Getting excited about being disappointed / by Aaron Bouchard

Every day on the bus to middle school, I sat with or near Eric. He was the 11 year old equivalent of a drinking buddy in that you never saw each other outside of the bar, or this case the bus. Eric would always tell me about how Goldeneye was coming out for the PC in the near future and how Monty Python, who Eric was under the assumption was a living and breathing human being, was making a new movie. Unfortunately, I grew up stupid, so I would always take Eric at his word and would go on a town-wide goose-hunt for Goldeneye to upload on the family PC or ask the confused video store clerks about when Mr. Python’s new movie is coming out. I would bring up the fact that against all greater knowledge PC Goldeneye and Monty Python’s coming-out-of-retirement feature did not exist, Eric would just shrug.
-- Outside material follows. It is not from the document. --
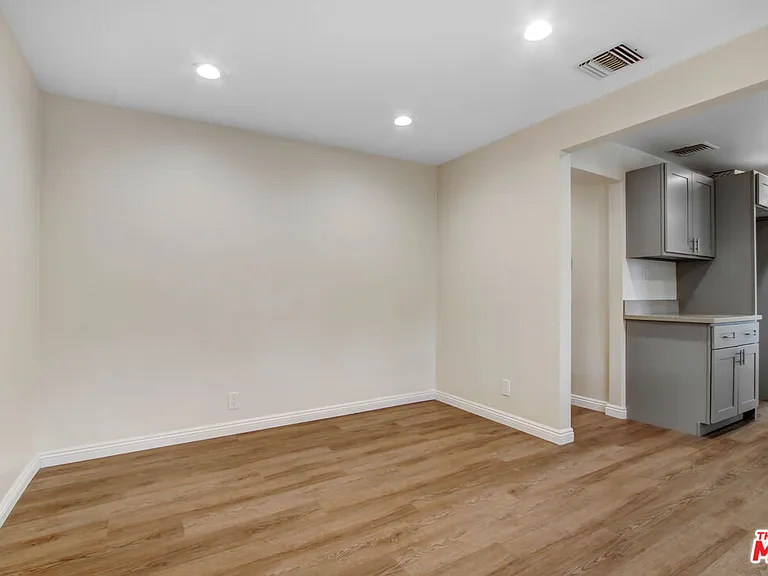 1404 Hollister St — Photo 2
He either realized that his bluff had been called or he lied so much, he could barely remember one from the next. Once we entered high school, it is a safe bet that Eric got consumed by the public education system. Chances are, Eric is running a Fortune 500 company down in Alabama, eating steak every morning and drinking a bottle of fine Cognac every night.
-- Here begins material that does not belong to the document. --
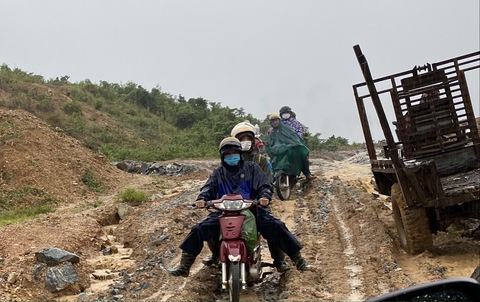 Lập sở chỉ huy tại lòng hồ thủy lợi để sơ tán 600 hộ dân đang bị cô lập - Ảnh 1. Lập sở chỉ huy tại lòng hồ thủy lợi để sơ tán 600 hộ dân đang bị cô lập - Ảnh 1.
It is a weird sort of disappointment when you are given misinformation like that. You are not angry or disappointed, just perplexed, possibly holding out hope that it is real. Usually it is hard to get angry and disappointed about something that is your own fault because you continue to listen to them. Every year publications come out with the list of what films they are looking forward to each year. I understand it is a perfectly innocent space waster, but rarely does anything show up in these list that are not already common knowledge to what is coming soon. It seems to add more clout to films who’s budgets could sustain a third world country for the next eight years. Before these films come out, we are talking about them. When the first picture appears online, we dissect it. A month before the film is released, it is inescapable; ads on tv, sides of buildings and bus stops, that weird thing where where a series of 8×11 are all plastered to the side of bodegas and stay there for a year before they are plastered over by the next big thing. Knowing that we will be flanked from all sides by these films is sort of exhausting feeling.To know that publications are announcing these films in a one to ten list like the second coming is disappointing, almost like saying “Guess what you are going to have to deal with the entire month of April?!”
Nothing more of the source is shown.